• _Extracted entries_
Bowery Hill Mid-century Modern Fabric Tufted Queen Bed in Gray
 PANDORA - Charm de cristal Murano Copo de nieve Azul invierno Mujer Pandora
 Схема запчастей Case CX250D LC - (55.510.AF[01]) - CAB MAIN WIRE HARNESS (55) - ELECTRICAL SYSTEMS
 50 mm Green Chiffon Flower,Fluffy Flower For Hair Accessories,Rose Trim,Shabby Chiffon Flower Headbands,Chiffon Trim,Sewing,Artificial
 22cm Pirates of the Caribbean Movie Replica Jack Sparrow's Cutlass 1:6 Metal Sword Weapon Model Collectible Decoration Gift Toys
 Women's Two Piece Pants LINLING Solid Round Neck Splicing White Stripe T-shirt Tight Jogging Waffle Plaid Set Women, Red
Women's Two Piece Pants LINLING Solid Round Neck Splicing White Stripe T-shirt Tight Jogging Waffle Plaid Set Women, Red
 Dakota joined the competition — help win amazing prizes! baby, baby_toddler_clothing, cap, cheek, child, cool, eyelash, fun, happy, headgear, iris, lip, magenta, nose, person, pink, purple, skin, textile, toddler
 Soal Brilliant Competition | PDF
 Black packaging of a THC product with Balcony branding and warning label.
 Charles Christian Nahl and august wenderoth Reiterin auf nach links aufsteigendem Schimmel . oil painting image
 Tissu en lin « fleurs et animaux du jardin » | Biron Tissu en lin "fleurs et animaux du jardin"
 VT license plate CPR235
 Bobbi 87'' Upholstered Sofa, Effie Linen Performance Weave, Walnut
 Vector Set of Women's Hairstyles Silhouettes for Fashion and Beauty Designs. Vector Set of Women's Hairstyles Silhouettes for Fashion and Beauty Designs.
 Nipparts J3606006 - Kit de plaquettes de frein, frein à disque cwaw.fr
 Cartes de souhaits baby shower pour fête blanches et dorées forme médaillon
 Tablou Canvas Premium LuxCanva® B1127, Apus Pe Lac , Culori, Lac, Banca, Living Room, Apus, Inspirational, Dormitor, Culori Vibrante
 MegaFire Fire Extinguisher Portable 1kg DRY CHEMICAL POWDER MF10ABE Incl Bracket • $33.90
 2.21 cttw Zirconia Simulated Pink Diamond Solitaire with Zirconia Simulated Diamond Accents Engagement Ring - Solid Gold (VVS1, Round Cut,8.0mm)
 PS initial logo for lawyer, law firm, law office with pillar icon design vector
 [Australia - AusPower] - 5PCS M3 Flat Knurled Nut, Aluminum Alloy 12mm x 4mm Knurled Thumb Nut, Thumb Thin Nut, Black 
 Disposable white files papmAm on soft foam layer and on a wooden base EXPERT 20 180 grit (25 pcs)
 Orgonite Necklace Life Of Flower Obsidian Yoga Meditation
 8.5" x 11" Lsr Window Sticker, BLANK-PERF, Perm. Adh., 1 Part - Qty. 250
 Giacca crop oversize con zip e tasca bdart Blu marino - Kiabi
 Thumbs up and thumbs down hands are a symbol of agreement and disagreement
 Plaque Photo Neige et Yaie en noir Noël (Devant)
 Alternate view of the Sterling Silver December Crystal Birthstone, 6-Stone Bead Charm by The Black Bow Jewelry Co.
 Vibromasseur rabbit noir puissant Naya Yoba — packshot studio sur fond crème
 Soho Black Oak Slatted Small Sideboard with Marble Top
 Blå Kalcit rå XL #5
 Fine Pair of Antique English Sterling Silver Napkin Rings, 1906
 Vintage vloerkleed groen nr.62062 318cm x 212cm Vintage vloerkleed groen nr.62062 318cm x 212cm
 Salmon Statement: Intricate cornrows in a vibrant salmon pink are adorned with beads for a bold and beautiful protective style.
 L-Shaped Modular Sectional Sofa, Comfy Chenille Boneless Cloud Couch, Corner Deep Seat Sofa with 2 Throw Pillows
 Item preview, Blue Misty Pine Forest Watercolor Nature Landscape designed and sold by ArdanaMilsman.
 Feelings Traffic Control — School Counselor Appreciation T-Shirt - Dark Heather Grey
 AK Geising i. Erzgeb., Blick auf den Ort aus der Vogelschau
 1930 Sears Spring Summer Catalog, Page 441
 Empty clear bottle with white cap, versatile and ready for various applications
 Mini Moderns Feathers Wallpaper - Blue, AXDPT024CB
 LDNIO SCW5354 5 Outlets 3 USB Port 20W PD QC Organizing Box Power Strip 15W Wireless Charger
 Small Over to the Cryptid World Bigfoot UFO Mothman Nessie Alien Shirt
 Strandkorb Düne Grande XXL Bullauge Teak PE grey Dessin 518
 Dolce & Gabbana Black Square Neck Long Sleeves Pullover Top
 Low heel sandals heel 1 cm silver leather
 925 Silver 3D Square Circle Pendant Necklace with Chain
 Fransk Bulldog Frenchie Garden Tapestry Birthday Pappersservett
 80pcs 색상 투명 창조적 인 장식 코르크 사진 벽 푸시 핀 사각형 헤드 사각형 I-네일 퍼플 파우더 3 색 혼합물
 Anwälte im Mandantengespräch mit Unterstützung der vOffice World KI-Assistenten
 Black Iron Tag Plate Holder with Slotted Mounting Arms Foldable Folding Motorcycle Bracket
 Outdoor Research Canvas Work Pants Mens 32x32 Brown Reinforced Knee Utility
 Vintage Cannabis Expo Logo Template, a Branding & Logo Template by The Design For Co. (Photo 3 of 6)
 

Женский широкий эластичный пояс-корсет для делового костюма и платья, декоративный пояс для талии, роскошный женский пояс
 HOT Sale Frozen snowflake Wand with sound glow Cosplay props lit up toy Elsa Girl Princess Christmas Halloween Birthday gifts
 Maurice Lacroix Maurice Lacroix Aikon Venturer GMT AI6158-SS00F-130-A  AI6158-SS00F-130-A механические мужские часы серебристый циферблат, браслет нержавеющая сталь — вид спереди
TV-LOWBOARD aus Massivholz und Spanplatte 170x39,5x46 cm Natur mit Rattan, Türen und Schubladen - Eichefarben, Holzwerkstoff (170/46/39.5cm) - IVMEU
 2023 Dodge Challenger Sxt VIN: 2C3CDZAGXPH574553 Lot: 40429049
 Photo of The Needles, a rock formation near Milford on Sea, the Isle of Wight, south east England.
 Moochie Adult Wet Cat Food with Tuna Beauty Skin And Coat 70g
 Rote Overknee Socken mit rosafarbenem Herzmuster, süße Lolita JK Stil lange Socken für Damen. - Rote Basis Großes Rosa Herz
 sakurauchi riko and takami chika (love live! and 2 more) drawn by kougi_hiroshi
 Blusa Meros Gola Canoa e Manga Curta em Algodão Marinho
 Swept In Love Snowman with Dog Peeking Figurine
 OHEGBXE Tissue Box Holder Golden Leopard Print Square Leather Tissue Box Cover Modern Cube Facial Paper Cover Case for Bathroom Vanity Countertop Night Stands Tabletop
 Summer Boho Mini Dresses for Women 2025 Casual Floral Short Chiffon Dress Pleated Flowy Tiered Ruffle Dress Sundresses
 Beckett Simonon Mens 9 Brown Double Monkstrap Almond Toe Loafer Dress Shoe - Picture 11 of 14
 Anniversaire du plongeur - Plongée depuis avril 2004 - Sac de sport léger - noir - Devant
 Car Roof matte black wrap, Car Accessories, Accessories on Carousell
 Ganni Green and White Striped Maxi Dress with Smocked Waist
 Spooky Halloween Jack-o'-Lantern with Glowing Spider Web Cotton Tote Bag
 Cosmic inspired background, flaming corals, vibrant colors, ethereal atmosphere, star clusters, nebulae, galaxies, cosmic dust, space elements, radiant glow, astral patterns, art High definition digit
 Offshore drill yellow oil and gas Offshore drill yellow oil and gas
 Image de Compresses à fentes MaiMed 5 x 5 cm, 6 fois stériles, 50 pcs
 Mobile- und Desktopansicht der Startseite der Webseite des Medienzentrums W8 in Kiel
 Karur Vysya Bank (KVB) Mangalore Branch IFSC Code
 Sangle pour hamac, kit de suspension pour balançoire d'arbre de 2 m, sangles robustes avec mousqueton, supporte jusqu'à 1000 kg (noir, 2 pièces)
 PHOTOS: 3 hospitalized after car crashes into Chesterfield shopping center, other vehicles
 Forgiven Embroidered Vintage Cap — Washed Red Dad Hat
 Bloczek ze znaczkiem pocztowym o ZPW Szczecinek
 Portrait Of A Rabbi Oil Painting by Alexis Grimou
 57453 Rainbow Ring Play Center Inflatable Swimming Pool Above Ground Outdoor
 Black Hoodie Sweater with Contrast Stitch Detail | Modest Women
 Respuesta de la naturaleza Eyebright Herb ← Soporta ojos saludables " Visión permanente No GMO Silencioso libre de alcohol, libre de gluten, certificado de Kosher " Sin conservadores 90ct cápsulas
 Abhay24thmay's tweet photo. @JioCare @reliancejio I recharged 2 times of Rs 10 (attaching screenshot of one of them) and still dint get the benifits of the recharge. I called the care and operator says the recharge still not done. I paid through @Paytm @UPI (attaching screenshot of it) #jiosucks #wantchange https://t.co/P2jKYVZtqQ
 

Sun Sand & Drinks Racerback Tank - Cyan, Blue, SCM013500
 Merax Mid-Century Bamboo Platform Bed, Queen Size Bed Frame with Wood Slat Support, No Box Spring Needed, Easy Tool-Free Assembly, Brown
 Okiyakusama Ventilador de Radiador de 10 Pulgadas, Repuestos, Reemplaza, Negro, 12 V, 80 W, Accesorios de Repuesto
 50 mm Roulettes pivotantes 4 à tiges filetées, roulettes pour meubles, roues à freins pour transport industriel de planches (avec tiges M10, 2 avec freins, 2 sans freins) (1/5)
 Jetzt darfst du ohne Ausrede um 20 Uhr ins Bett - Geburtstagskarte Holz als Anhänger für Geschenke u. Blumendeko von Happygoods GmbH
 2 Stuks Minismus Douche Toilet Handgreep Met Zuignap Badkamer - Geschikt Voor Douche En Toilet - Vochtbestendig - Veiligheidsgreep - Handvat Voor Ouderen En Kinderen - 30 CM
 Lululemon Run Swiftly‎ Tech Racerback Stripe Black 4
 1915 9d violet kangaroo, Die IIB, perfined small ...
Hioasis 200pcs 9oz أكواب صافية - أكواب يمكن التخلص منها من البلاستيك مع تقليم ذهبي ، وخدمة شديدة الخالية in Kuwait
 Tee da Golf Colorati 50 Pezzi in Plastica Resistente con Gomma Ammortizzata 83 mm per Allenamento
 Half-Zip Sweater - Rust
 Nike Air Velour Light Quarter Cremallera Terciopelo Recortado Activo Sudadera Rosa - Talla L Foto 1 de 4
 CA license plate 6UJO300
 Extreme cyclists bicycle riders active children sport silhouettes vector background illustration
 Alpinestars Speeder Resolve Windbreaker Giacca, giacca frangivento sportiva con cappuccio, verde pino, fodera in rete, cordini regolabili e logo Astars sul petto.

• _Task item_
Copy out only the lines of the records above from the one with "Vibromasseur rabbit noir" through the one with "HOT Sale Frozen", exactly as they stand, both included.

• _Completed task_
 Vibromasseur rabbit noir puissant Naya Yoba — packshot studio sur fond crème
 Soho Black Oak Slatted Small Sideboard with Marble Top
 Blå Kalcit rå XL #5
 Fine Pair of Antique English Sterling Silver Napkin Rings, 1906
 Vintage vloerkleed groen nr.62062 318cm x 212cm Vintage vloerkleed groen nr.62062 318cm x 212cm
 Salmon Statement: Intricate cornrows in a vibrant salmon pink are adorned with beads for a bold and beautiful protective style.
 L-Shaped Modular Sectional Sofa, Comfy Chenille Boneless Cloud Couch, Corner Deep Seat Sofa with 2 Throw Pillows
 Item preview, Blue Misty Pine Forest Watercolor Nature Landscape designed and sold by ArdanaMilsman.
 Feelings Traffic Control — School Counselor Appreciation T-Shirt - Dark Heather Grey
 AK Geising i. Erzgeb., Blick auf den Ort aus der Vogelschau
 1930 Sears Spring Summer Catalog, Page 441
 Empty clear bottle with white cap, versatile and ready for various applications
 Mini Moderns Feathers Wallpaper - Blue, AXDPT024CB
 LDNIO SCW5354 5 Outlets 3 USB Port 20W PD QC Organizing Box Power Strip 15W Wireless Charger
 Small Over to the Cryptid World Bigfoot UFO Mothman Nessie Alien Shirt
 Strandkorb Düne Grande XXL Bullauge Teak PE grey Dessin 518
 Dolce & Gabbana Black Square Neck Long Sleeves Pullover Top
 Low heel sandals heel 1 cm silver leather
 925 Silver 3D Square Circle Pendant Necklace with Chain
 Fransk Bulldog Frenchie Garden Tapestry Birthday Pappersservett
 80pcs 색상 투명 창조적 인 장식 코르크 사진 벽 푸시 핀 사각형 헤드 사각형 I-네일 퍼플 파우더 3 색 혼합물
 Anwälte im Mandantengespräch mit Unterstützung der vOffice World KI-Assistenten
 Black Iron Tag Plate Holder with Slotted Mounting Arms Foldable Folding Motorcycle Bracket
 Outdoor Research Canvas Work Pants Mens 32x32 Brown Reinforced Knee Utility
 Vintage Cannabis Expo Logo Template, a Branding & Logo Template by The Design For Co. (Photo 3 of 6)
 

Женский широкий эластичный пояс-корсет для делового костюма и платья, декоративный пояс для талии, роскошный женский пояс
 HOT Sale Frozen snowflake Wand with sound glow Cosplay props lit up toy Elsa Girl Princess Christmas Halloween Birthday gifts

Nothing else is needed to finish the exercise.